The rest is really up to you (what the size of a chunk is), and in essence each player in a "chunk" or subsection gets the same data so you don't have to re-compute it every tick or so. This makes for constant time lookup and is nice since you don't have to do any distance calculations to check which players are visible for every other player since the size of a chunk will demarcate the region of visibility. This approach is basically quadtrees and games like Minecraft use this approach.

If an entity X moves from position A to position B then you find the chunk where position A was, remove entity X from that chunk and place entity X in the chunk where position B is. This move operation is O(n) in the size of the chunk, but you can probably make it constant time with a hashmap or something clever. The cost of this approach is the space allocated for the quad tree. Finding a chunk is constant time, though.

Also, you may not want to send n(n-1) packets each frame for n players regarding every other player's n positions necessarily if you're concerned about performance too much.
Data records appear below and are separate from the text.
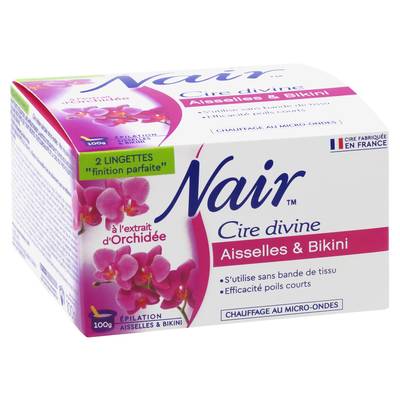 Nair Cire Divine maillot aisselles Orchidée bleue, 100g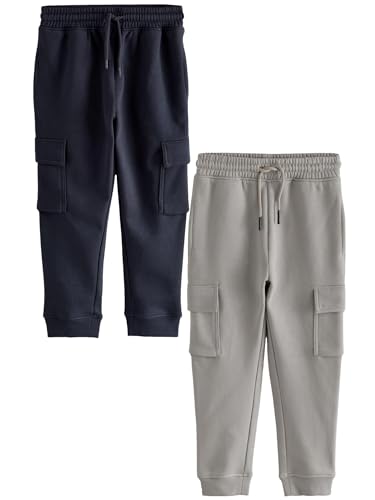 NEXT Jogginghose im Slim Fit mit aufgesetzen Taschen, 2er Pack Navy/Grey 12 Jahre NEXT Jogginghose im Slim Fit mit aufgesetzen Taschen, 2er Pack Navy/Grey 12 Jahre von NEXT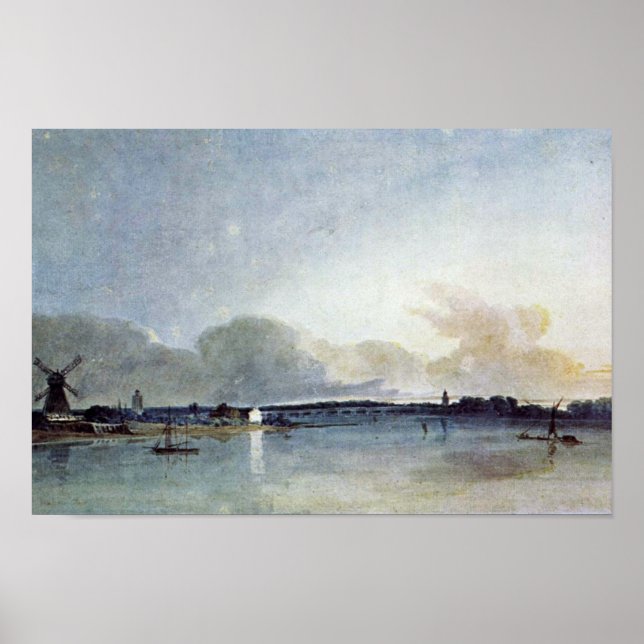 Póster Casa Blanca En Chelsea, Por Thomas Girtin (Frente)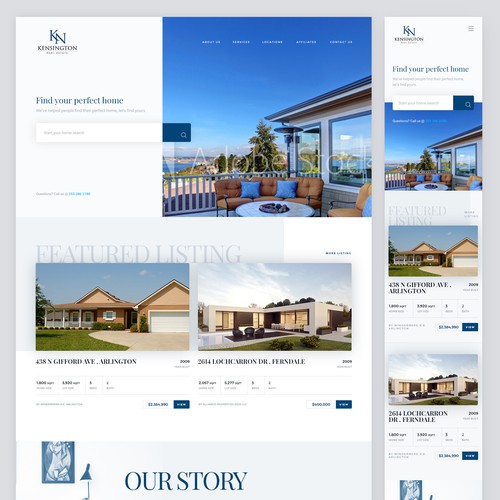 Kensington Real Estate Website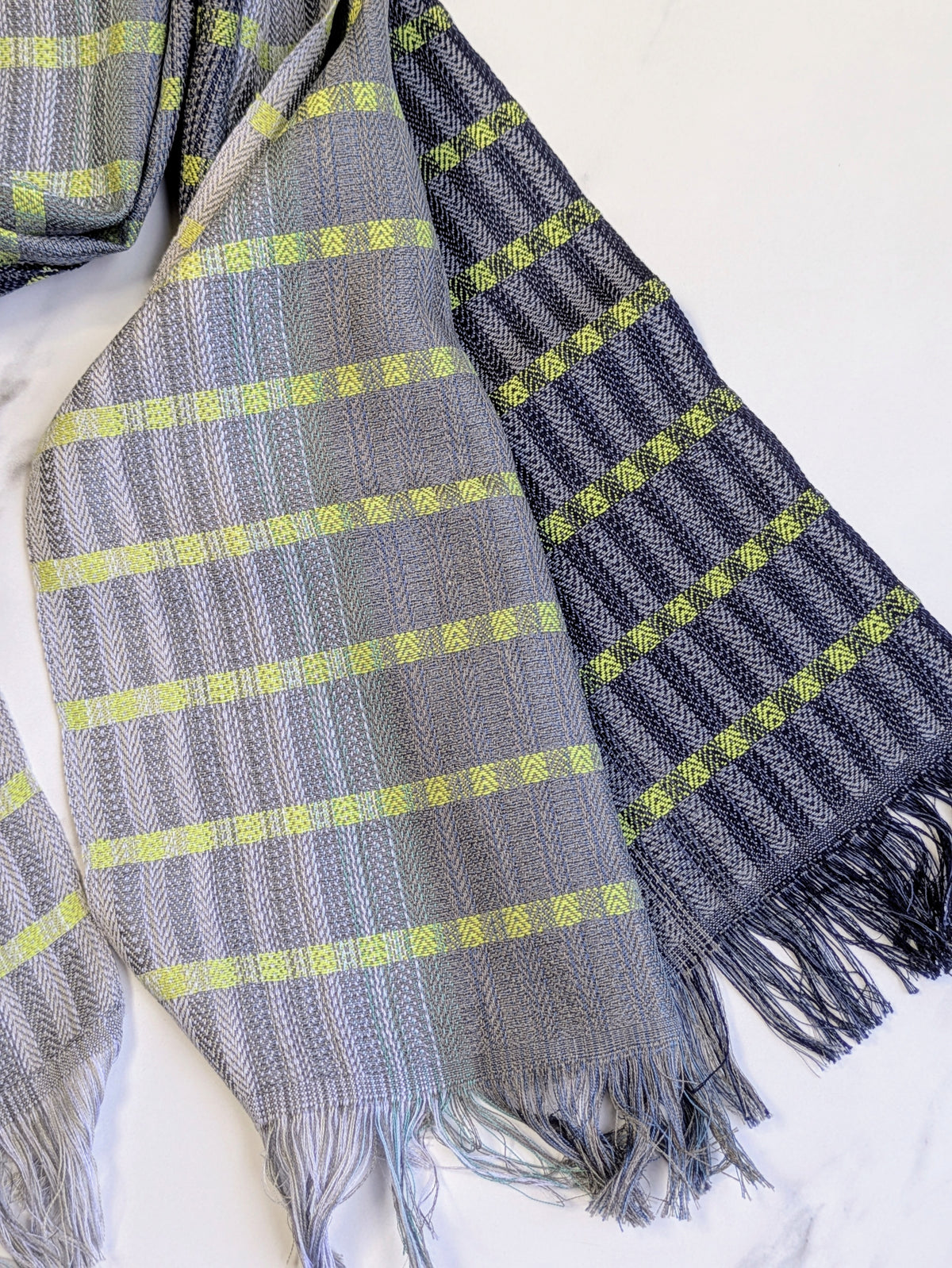 LIME COTTON & SILK SCARF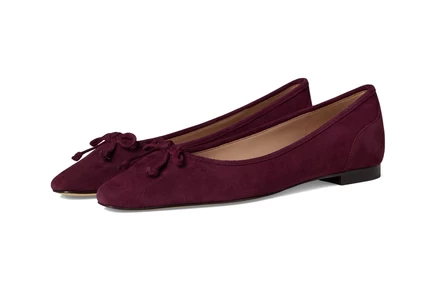 Женские балетки Cole Haan Paget, черно-бордовые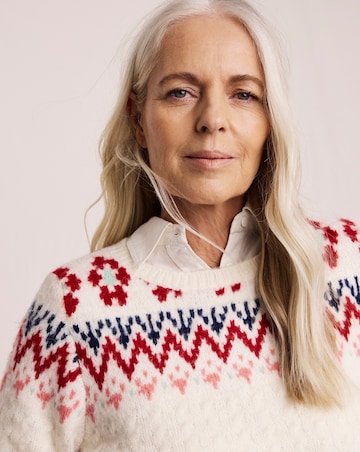 Julipa Patterned Crew Neck Jumper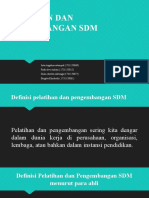 Pelatihan Dan Pengembangan SDM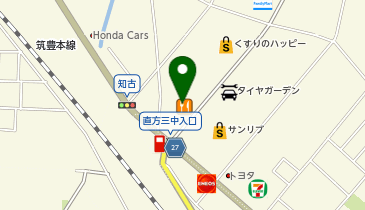 やよい軒 直方店の地図画像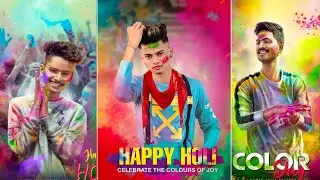 Holi Photo Editing || Holi Special Photo Editing 2022 || PicsArt Holi Photo Editing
The best approach may be to fit all of this data each tick into one giant packet containing the positions of every other player within the same chunk as the player you're sending position data to, so there are as few send() calls as possible (then again, this may not be a huge performance hit either in practice depending on the game). The size of one packet in this case is upper bounded by the num of players in a chunk * size of player packet.
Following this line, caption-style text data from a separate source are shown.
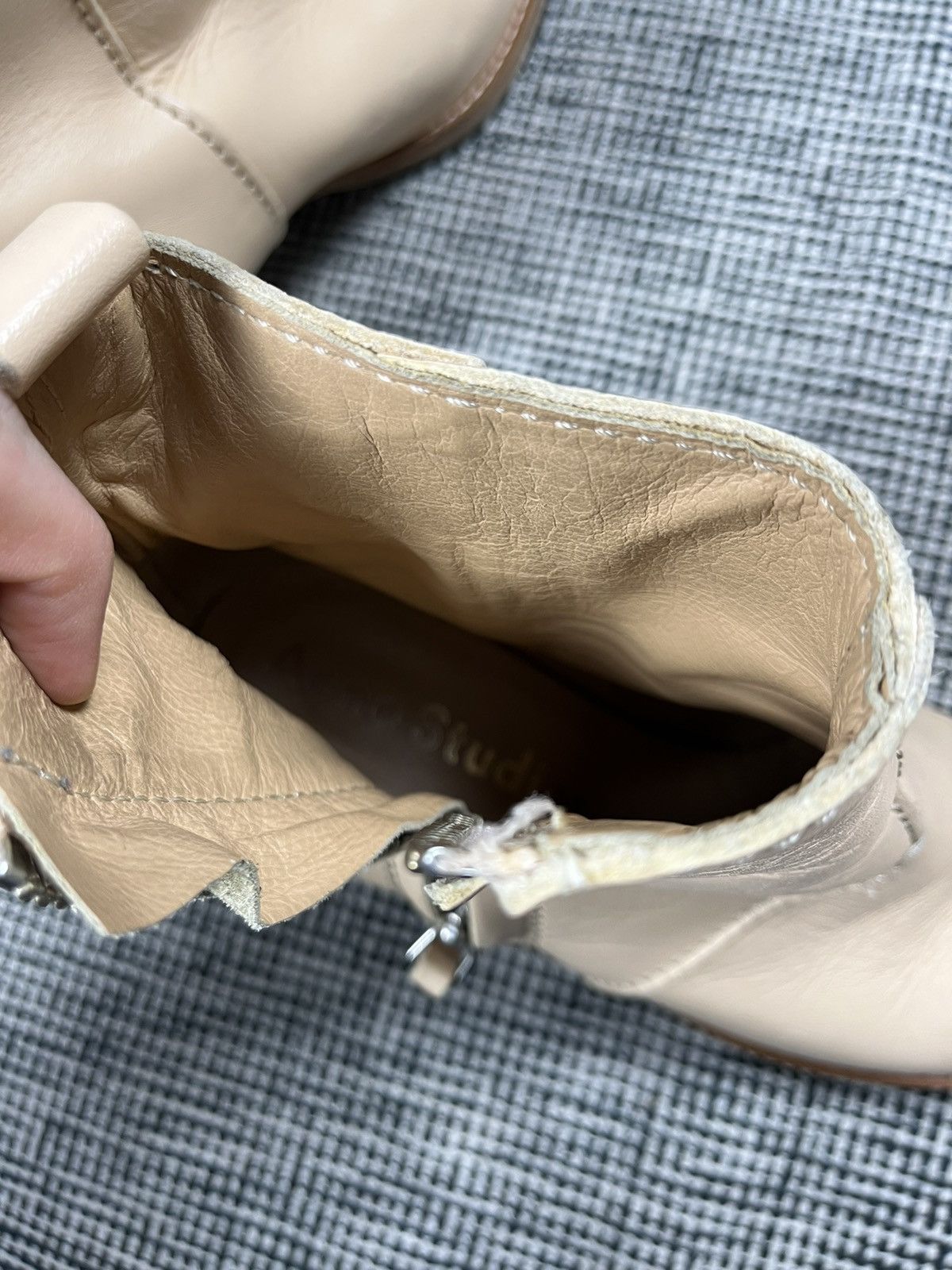 Acne Studios × Designer Acne studios zip up ankle pistol boots 39 eu Size US 8 / IT 38 - 8 Thumbnail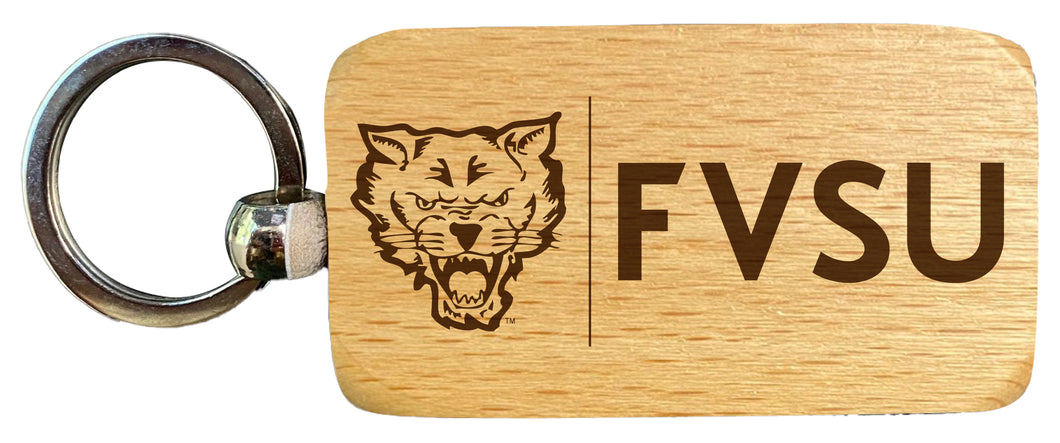 Fort Valley State University 2.5 x 1-Inch Engraved Wooden Keychain Officially Licensed Collegiate Product 2-Pack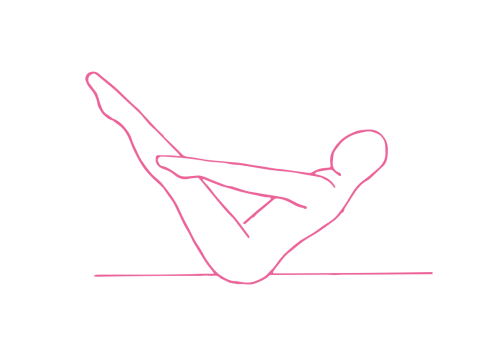 Натяжение в позе в форме буквы «V» с Дыханием Огня (1-2 мин)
In the worst case there could be 100 players in one chunk in your case, but it's up to you how you divide the map. The smaller the packet the better, and a packet can be up to 1500-65,000 bytes in size so you shouldn't have a problem unless you're dealing with thousands of players/poor network speeds. This is completely dependent on how much data is represented for each player, and how many players there are.

EDIT: But yeah, I wouldn't be concerned at all with sending data for players that aren't visible at all using this approach. It's very practical to send all of surrounding chunks in a game if they have the potential to be visible depending on the size of a chunk compared to your screen's size.